El actor y director Kenneth Branagh ha sido el escogido por Marvel para llevar a la gran pantalla la historia de Thor (a quién da vida propia Chris Hemsworth) que es desterrado a la tierra por su padre, Odín, (el siempre genial Anthony hopkins) tras incendiar las iras en Asgard e iniciar una guerra ya olvidada. En nuestro planeta descubrirá que debe convertirse en un héroe si quiere salvar a la humanidad de las horribles huestes de Asgard, comandadas por su hermano Loki (Tom Hiddleston). La nota femenina protagonista la añade Natalie Portman en su papel de Jane Foster a la que siguen un buen numero de secundarios entre los que destacan Idris Elba como Heimdall o ya en la tierra Stellan Skargard como Erik Selvig.

Uno de los personajes más admirados tiene por fin su propio largometraje, que no ha estado exento de críticas y detractores, entre ellos los más puristas del cómic en que se basa.

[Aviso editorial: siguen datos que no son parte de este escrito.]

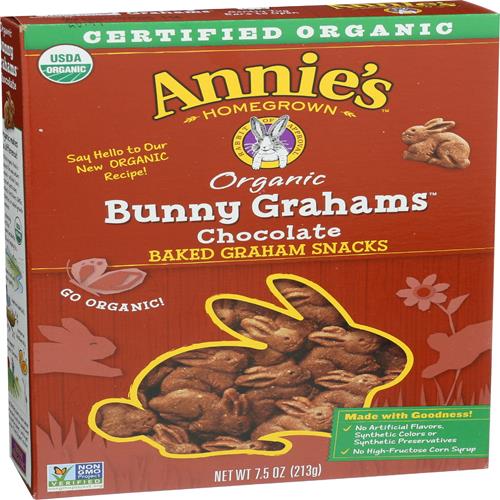 Annies Homegrown Chocolate Bunny Grahams, 7.5 Oz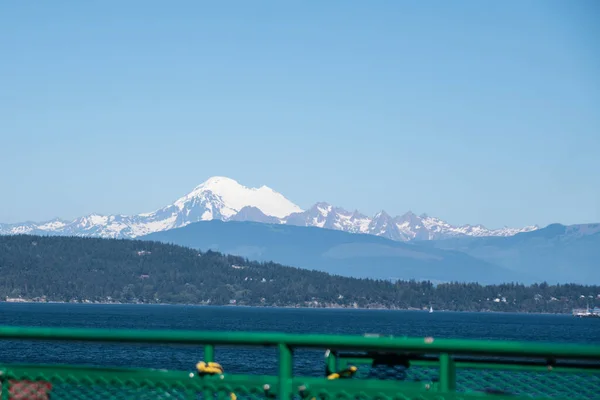 Mount Baker Orcas Island Ferry — ストック写真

La polémica se inició al conocer la decisión de director y productores de otorgar el papel del Dios nórdico Heimdall, un personaje de raza blanca, al actor afroamericano Idris Elba («Obsesionada») en un movimiento similar al ejecutado en la desastrosa «Daredevil» donde Michael Clarke Duncan interpretaba a Kingpin.

Al margen de esta decisión más o menos acertada pensamos que la intensidad y la esencia de un personaje real o ficticio puede trasladarse a otro medio sin importar la raza o credo de quién lo interprete, otra cosa es el talento del actor, de creadores y productores para llevarlo a cabo. Si solo piensan en llenarse los bolsillos engendrarán monstruos, como la «Catwoman» de Hale Berry. Por otro lado la rumoreada versión de Wonderwoman con Beyoncé podría dar lugar a algo nuevo y original.